Upon beginning a novel, you relax and project yourself into events that exist within the text. As Calvino states, “once you’re absorbed in reading there will be no budging you.” You choose to begin the novel, but as the first sentence glides beneath your eyes, you give up your ability to make decisions because the new world you enter is not your own. The text is the driving force, compelling you to “follow events of pages and pages with passive resignation.” Yet, while you have no control over the passing events, you still “find yourself involved, despite yourself.” This is the manipulative world of the story, which is the basic plot to Calvino’s novel.
Calvino structures If on a Winter’s Night a Traveler in a way that demonstrates your lake of control. By beginning a new story every other chapter, Calvino erases the traditional method of storytelling, in which an ending resolves the main idea of the narrative. The absence of an ending evokes frustration, as it goes against your expectations. You feel the need to enter the novel to find a resolution, but you are bound to the text and unable to influence its structure. So you carry your frustration with you, which influences your understanding of the text.
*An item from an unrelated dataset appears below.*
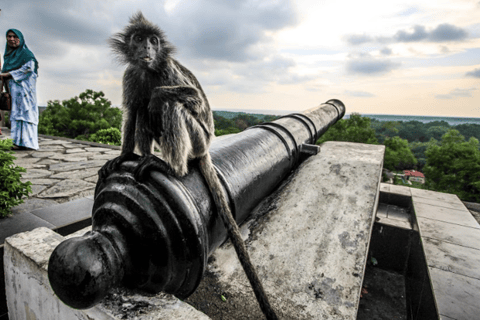 From Kuala Lumpur: Private Fireflies, Monkeys & Seafood Tour Kuala Lumpur: Kuala Selangor Fireflies & Dinner Tour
So, to represent you, the reader, Calvino inserts a protagonist called “Reader.” Throughout the novel, this character searches for the endings of the books he begins but is consistently disappointed. Your annoyance is reflected in him, as you both yearn to find some meaning to the plots of the many novels. Yet, neither of you are ever satisfied with an ending.
However, by the novel’s end, you realize that the plot was never the point of the story, and that you and “Reader” are chasing a main idea that never existed. Instead of a moral or lesson, the main idea of the novel is to demonstrate how a text manipulates the reader. Because the text is unchangeable, you are forced surrender your control on events, just as “Reader,” regardless of the frustration involved.